On 2021/7/14 下午3:18, DanglingPointer wrote:
> a) "echo l > /proc/sysrq-trigger"
>
> The backup finished today already unfortunately and we are unlikely to
> run it again until we get an outage to remount the array with the
> space_cache=v2 and noatime mount options.
> Thanks for the command, we'll definitely use it if/when it happens again
> on the next large migration of data.

Just to avoid confusion, after that command, "dmesg" output is still
needed, as that's where sysrq put its output.
>
>
> b) "sudo btrfs qgroup show -prce" ........
>
> $ ERROR: can't list qgroups: quotas not enabled
>
> So looks like it isn't enabled.

One less thing to bother.
>
> File sizes are between: 1,048,576 bytes and 16,777,216 bytes (Duplicacy
> backup defaults)

Between 1~16MiB, thus tons of small files.

Btrfs is not really good at handling tons of small files, as they
generate a lot of metadata.

That may contribute to the hang.

>
> What classifies as a transaction?

It's a little complex.

Technically it's a check point where before the checkpoint, all you see
is old data, after the checkpoint, all you see is new data.

To end users, any data and metadata write will be included into one
transaction (with proper dependency handled).

One way to finish (or commit) current transaction is to sync the fs,
using "sync" command (sync all filesystems).

> Any/All writes done in a 30sec
> interval?

This the default commit interval.
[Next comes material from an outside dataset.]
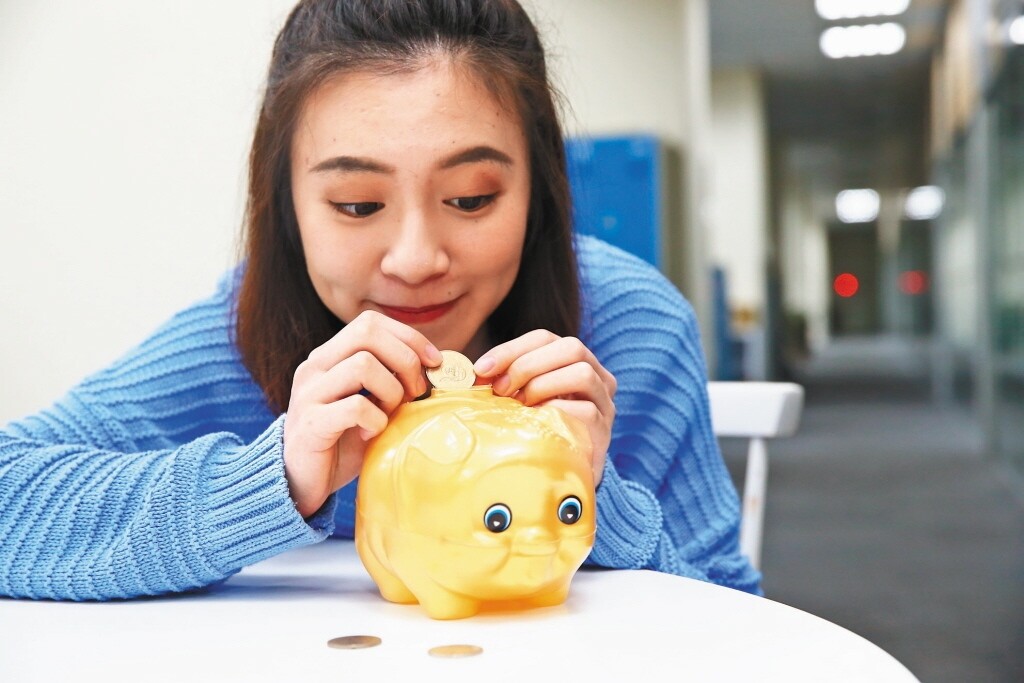 不少人會透過投保儲蓄險強迫自己存錢,但有網友分享自己5個月前買的儲蓄險,納悶這樣划不划算,想不到遭到許多人勸退。 報系資料照/記者高彬原攝影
Almost all fses will try to commit its
data/metadata to disk after a configurable interval.

The default one is 30s. That's also one way to commit current transaction.

>  If 100 unique files were written in 30secs, is that 1
> transaction or 100 transactions?

It depends. As things like syncfs() and subvolume/snapshot creation may
try to commit transaction.

But without those special operations, just writing 100 unique files
using buffered write, it would only start one transaction, and when the
30s interval get hit, the transaction will be committed to disk.

>  Millions of files of the size range
> above were backed up.

The amount of files may not force a transaction commit, if it doesn't
trigger enough memory pressure, or free space pressure.

Anyway, the "echo l" sysrq would help us to locate what's taking so long
time.

>
>
> c) "Just mount with "space_cache=v2""
>
> Ok so no need to "clear_cache" the v1 cache, right?

Yes, and "clear_cache" won't really remove all the v1 cache anyway.

Thus it doesn't help much.

The only way to fully clear v1 cache is by using "btrfs check
--clear-space-cache v1" on a *unmounted* btrfs.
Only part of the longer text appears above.